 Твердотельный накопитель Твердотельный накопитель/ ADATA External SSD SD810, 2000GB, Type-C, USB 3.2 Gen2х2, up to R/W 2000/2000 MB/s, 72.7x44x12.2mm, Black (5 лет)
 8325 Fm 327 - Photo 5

○ ○ ○ ○

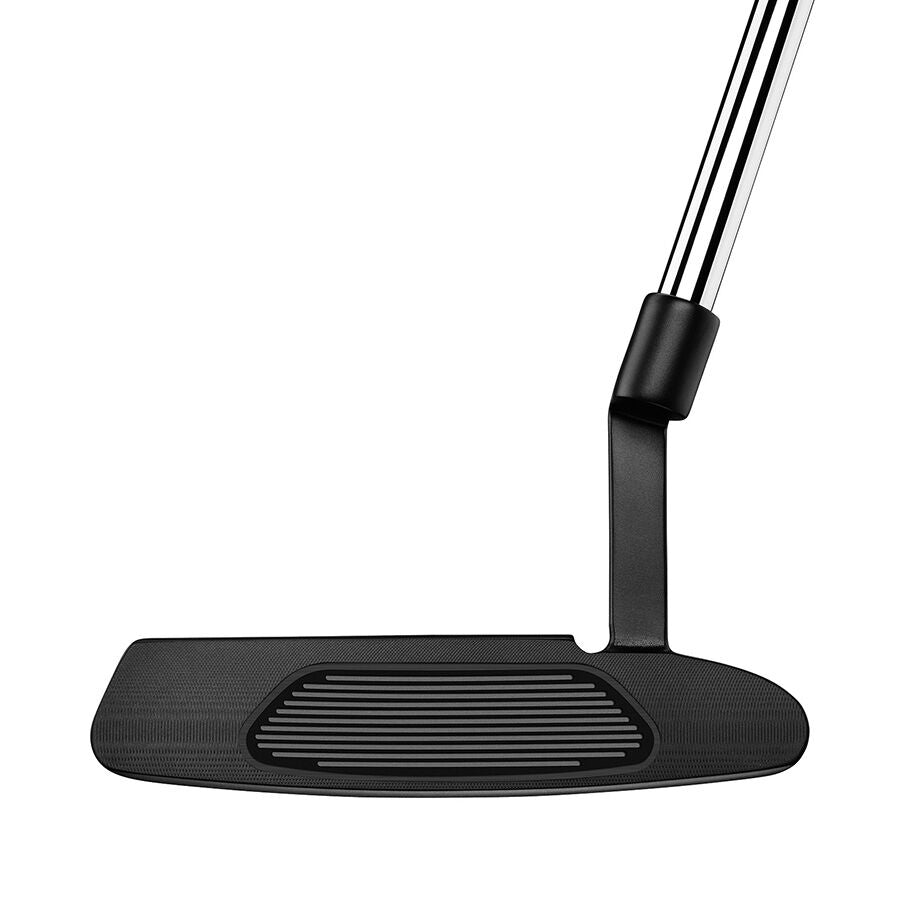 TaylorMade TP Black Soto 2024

○ ○ ○ ○

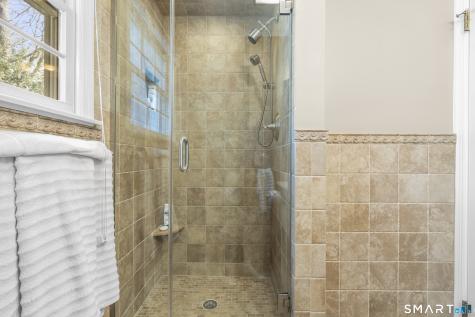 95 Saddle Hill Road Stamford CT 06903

○ ○ ○ ○

Using the material above, transcribe exactly the lines from the line with "Твердотельный накопитель Твердотельный" to the line with "8325 Fm 327 - Photo 5"; both count, and nothing else goes in.

REPLY:
 Твердотельный накопитель Твердотельный накопитель/ ADATA External SSD SD810, 2000GB, Type-C, USB 3.2 Gen2х2, up to R/W 2000/2000 MB/s, 72.7x44x12.2mm, Black (5 лет)
 8325 Fm 327 - Photo 5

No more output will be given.